I didn’t know what to do with my boredom.
Had my life always been this boring?
And that’s when I realized that I was disappointed with myself because I had allowed myself to get to such a point where I wasn’t really living anymore.
Tony Robbins always says live with passion. Without food to give my life the spice, I wasn’t doing anything that I was passionate about besides my marriage. And even though I was passionate about my marriage, I was working so much that I wasn’t spending time with my loved ones.
I had to make a change.
I started to put myself first. I started to decide what I wanted and what would make me happy just because I wanted to do it not because it would make anyone else happy.

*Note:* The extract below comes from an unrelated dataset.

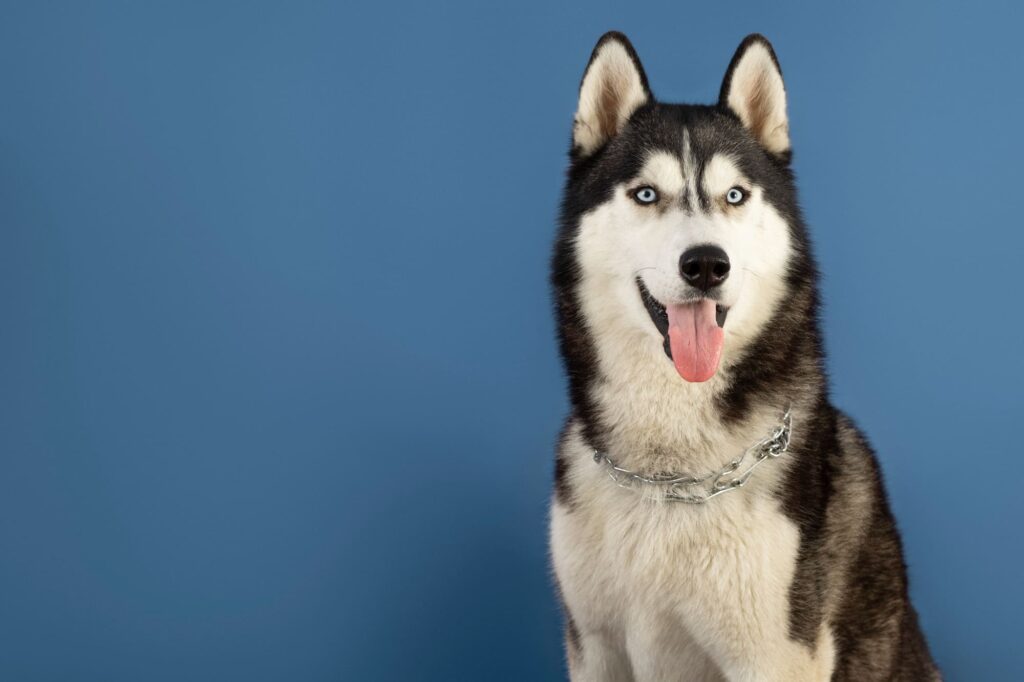 Siberian Husky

I’m starting to dream about things that I can accomplish. I’m starting to dream about a place where I can spend time with my family whenever I want to. Now, my life has excitement just because I have plans.
And I want to take you on the adventure.
So that’s why I’m writing. I’m writing to inspire you to live life to the fullest. I am writing to give you a vision of your own life in a way that would bless you and others.
And most of all I’m writing to you to lift your heart to give you hope and to let you know that there is something better and you can reach it.
The question is…
Will you do what it takes to make it happen?